Once you find the line with "Hand-Woven 6-Panel Folding" in the entries below, print it and each line after it up to and including the line with "30mA, 6kA, AC", exactly, without pictures.

- **RECORDS PROVIDED**:
::::::
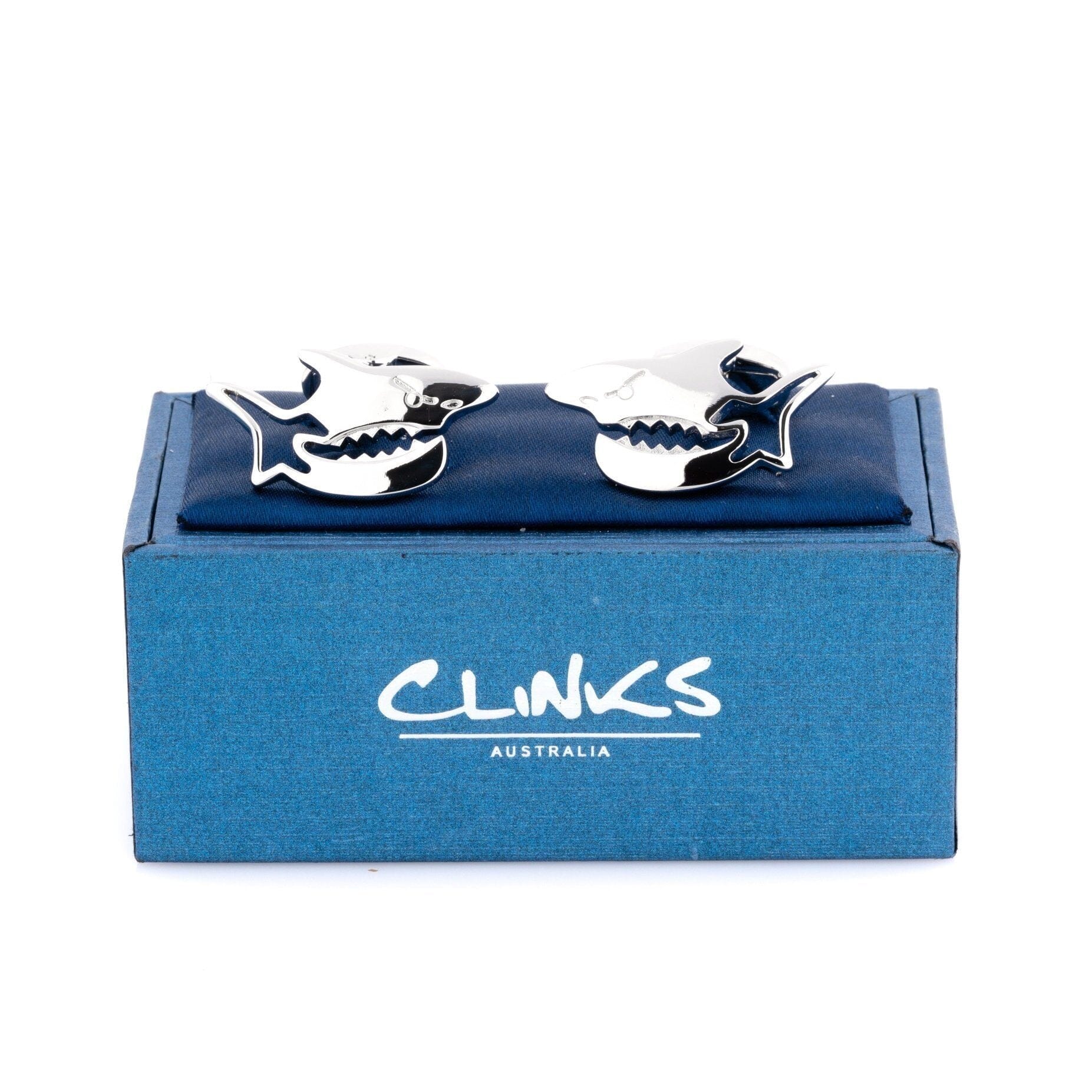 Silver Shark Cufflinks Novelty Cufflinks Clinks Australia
::::::
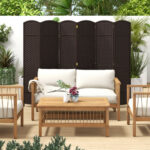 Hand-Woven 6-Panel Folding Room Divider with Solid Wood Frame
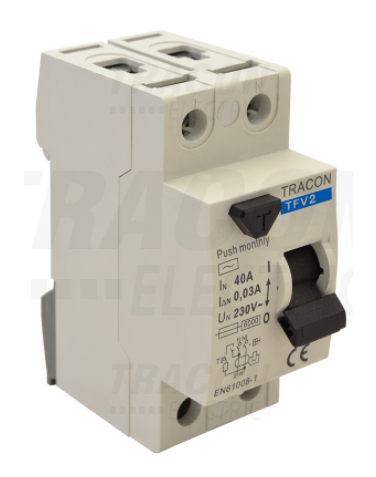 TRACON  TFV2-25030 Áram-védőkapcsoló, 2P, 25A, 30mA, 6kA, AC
::::::
- **ANSWER SPACE**:
 Hand-Woven 6-Panel Folding Room Divider with Solid Wood Frame
 TRACON  TFV2-25030 Áram-védőkapcsoló, 2P, 25A, 30mA, 6kA, AC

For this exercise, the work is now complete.